Entries taken from a collection:
--------------------

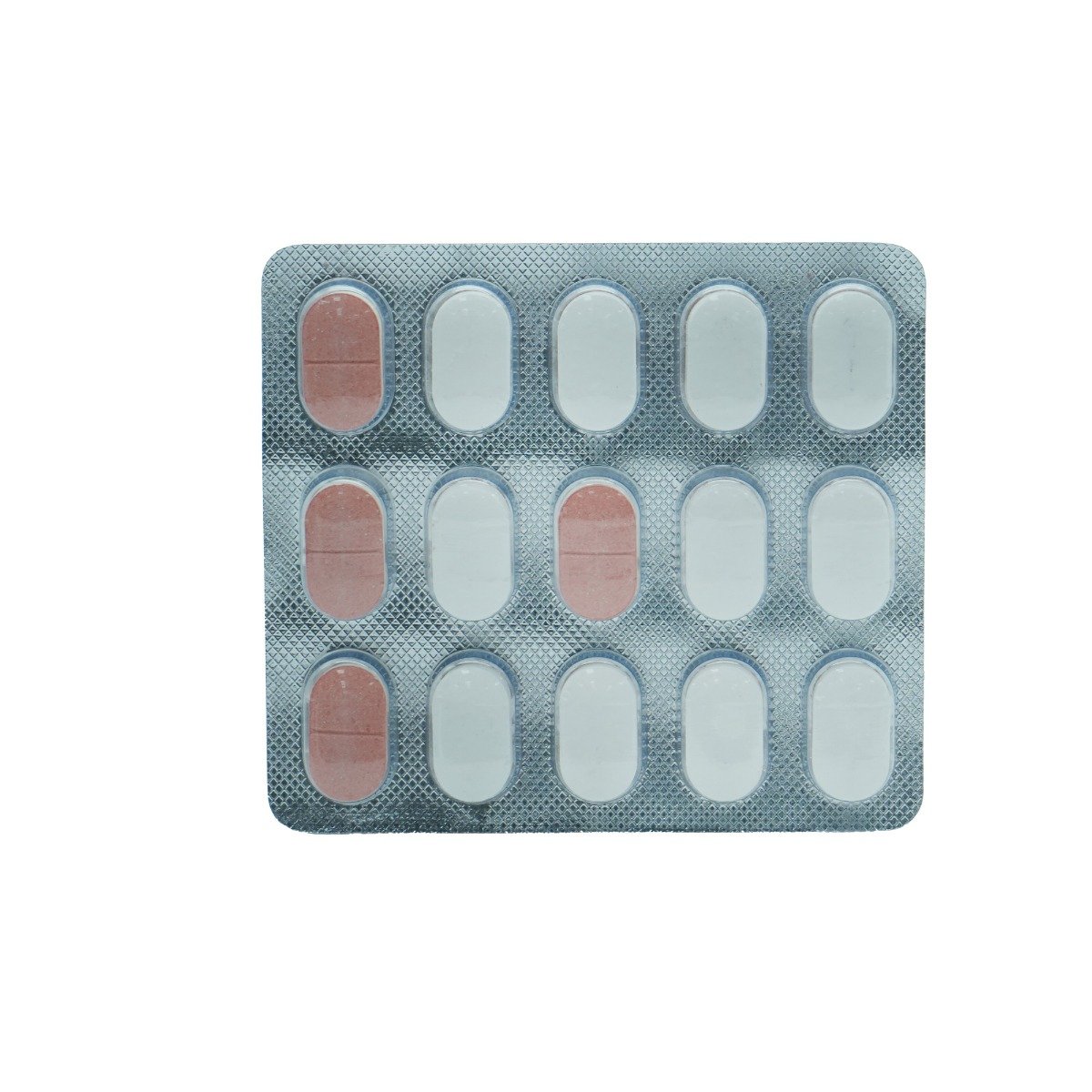 Endoglim-M4 Tablet 15's, Pack of 15 TABLETS Endoglim-M4 Tablet 15's, Pack of 15 TABLETS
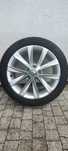 Felgi VW Passat, Golf, Touran 17'
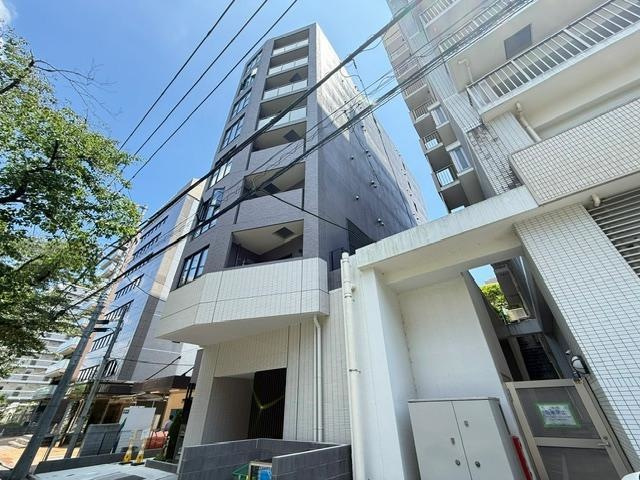 ☆RC造の8階建て☆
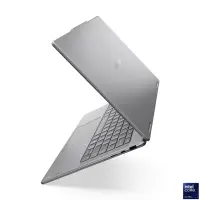 Lenovo- Yoga 7 2-in-1 14ILL10 Intel | Luna Grey | 14 " | OLED | Touchscreen | WUXGA | 1920 x 1200 pixels | Glossy | Intel Core Ultra 5 | 226V | 16 GB | Soldered LPDDR5X | Solid-state drive capacity 512 GB | Intel Arc Graphics 130V | Windows 11 Home | 802.11be | Bluetooth version 5.4 | Keyboard language English | Keyboard backlit | Warranty 24 month(s) | Battery warranty 12 month(s) – pilt 3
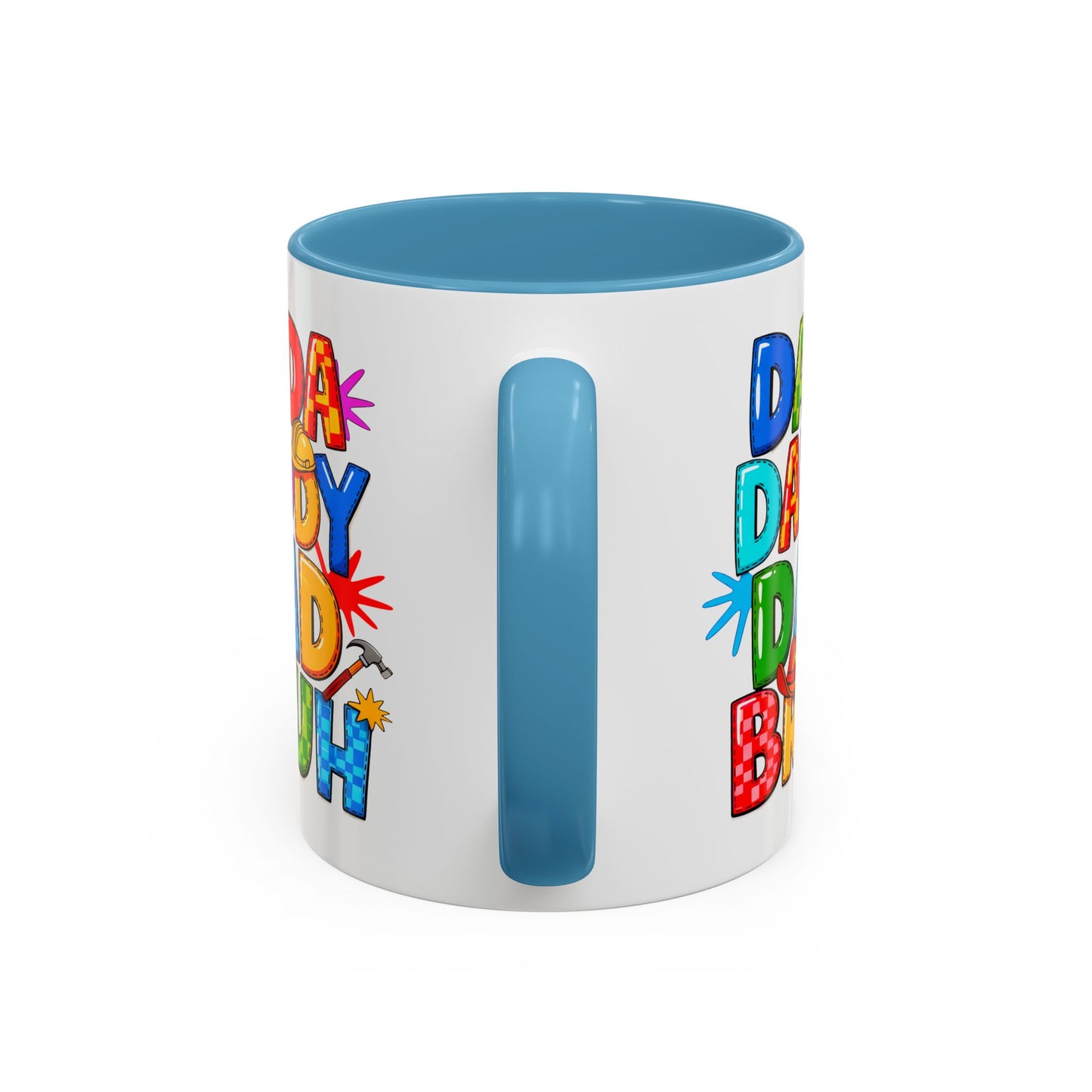 Father's Day Mug - Dada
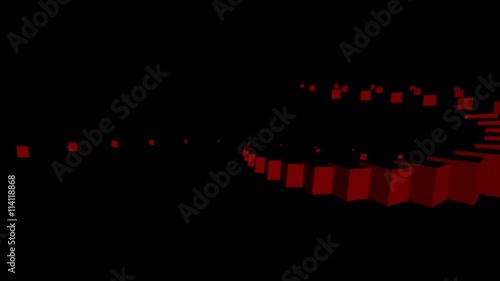 VJ Loops Equalizer 2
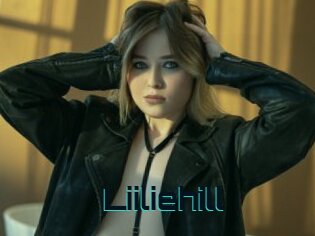 Liiliehill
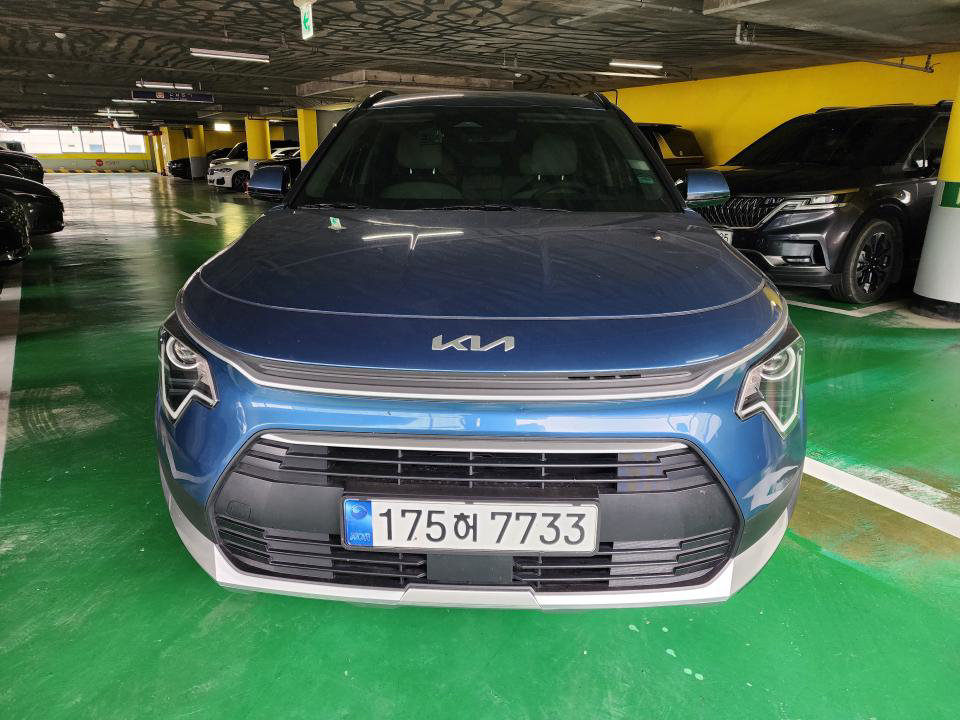 차량 이미지 1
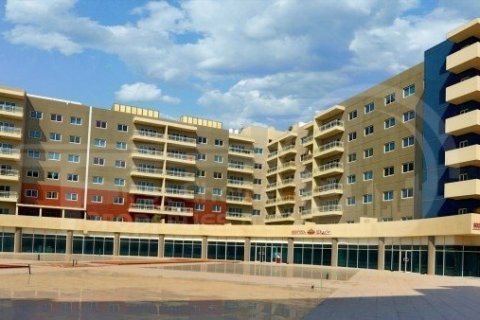 Apartment de 1 dormitorio en Al Reef, UAE No. 172571 14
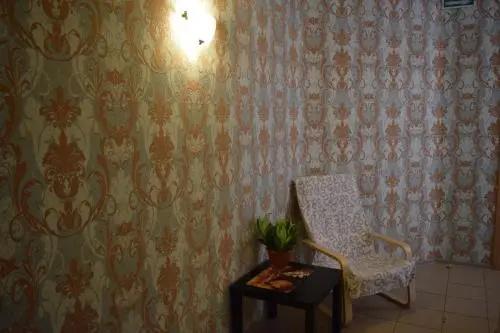 Inn Uyutnaya Living Quarters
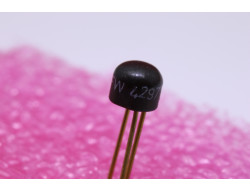 FW4297 transistor npn
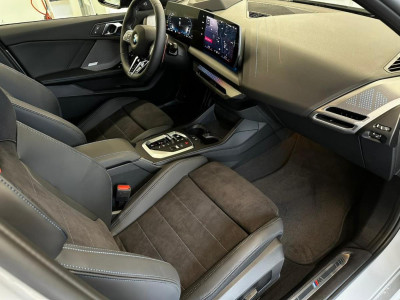 BMW 1er Vorführwagen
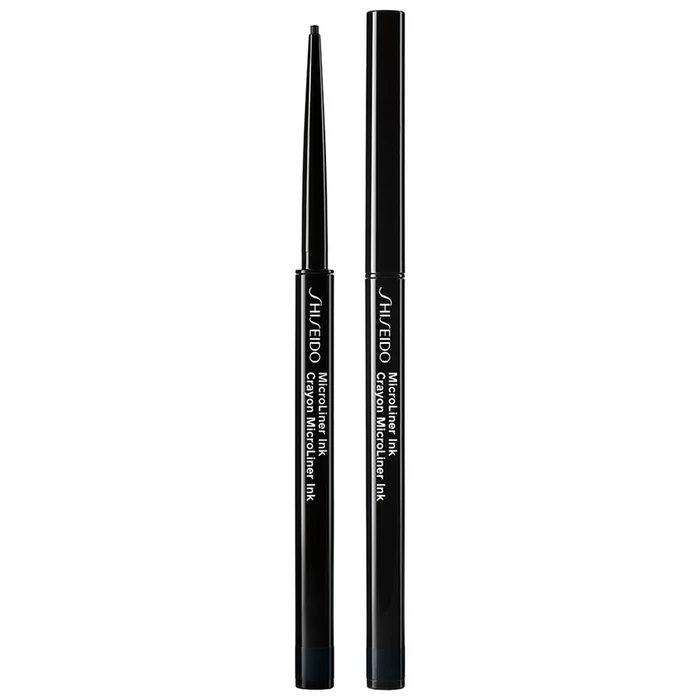 Shiseido Microliner Ink 01 Black – Tester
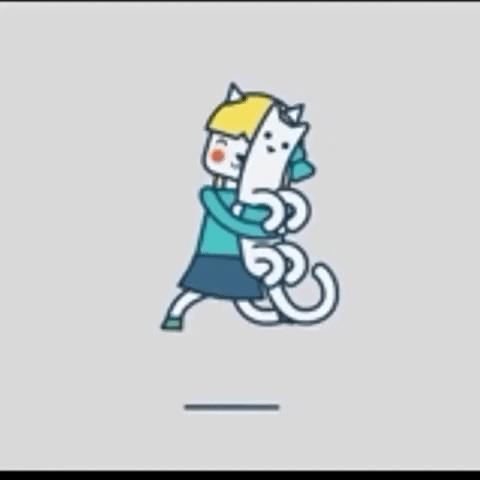 animation life GIF by The Videobook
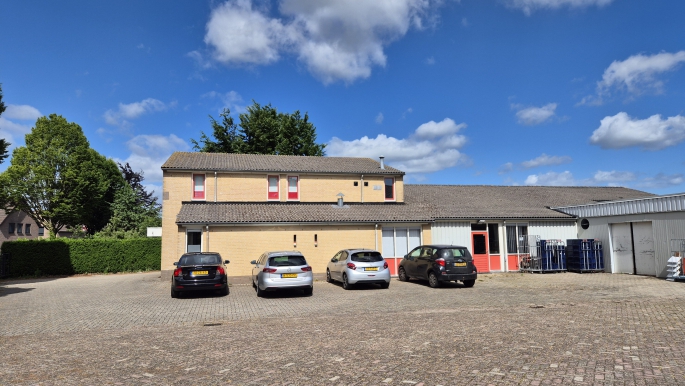 Heesterseweg 11, 5386 KT, Geffen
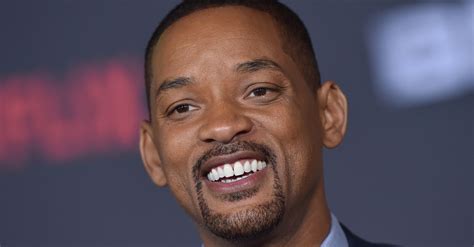 Will Smith Confirms His Genie In Aladdin Remake Will Be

--------------------

REQUIRED ACTION:
Reproduce each line above precisely, with no pictures.

TASK RESPONSE:
 Endoglim-M4 Tablet 15's, Pack of 15 TABLETS Endoglim-M4 Tablet 15's, Pack of 15 TABLETS
 Felgi VW Passat, Golf, Touran 17'
 ☆RC造の8階建て☆
 Lenovo- Yoga 7 2-in-1 14ILL10 Intel | Luna Grey | 14 " | OLED | Touchscreen | WUXGA | 1920 x 1200 pixels | Glossy | Intel Core Ultra 5 | 226V | 16 GB | Soldered LPDDR5X | Solid-state drive capacity 512 GB | Intel Arc Graphics 130V | Windows 11 Home | 802.11be | Bluetooth version 5.4 | Keyboard language English | Keyboard backlit | Warranty 24 month(s) | Battery warranty 12 month(s) – pilt 3
 Father's Day Mug - Dada
 VJ Loops Equalizer 2
 Liiliehill
 차량 이미지 1
 Apartment de 1 dormitorio en Al Reef, UAE No. 172571 14
 Inn Uyutnaya Living Quarters
 FW4297 transistor npn
 BMW 1er Vorführwagen
 Shiseido Microliner Ink 01 Black – Tester
 animation life GIF by The Videobook
 Heesterseweg 11, 5386 KT, Geffen
 Will Smith Confirms His Genie In Aladdin Remake Will Be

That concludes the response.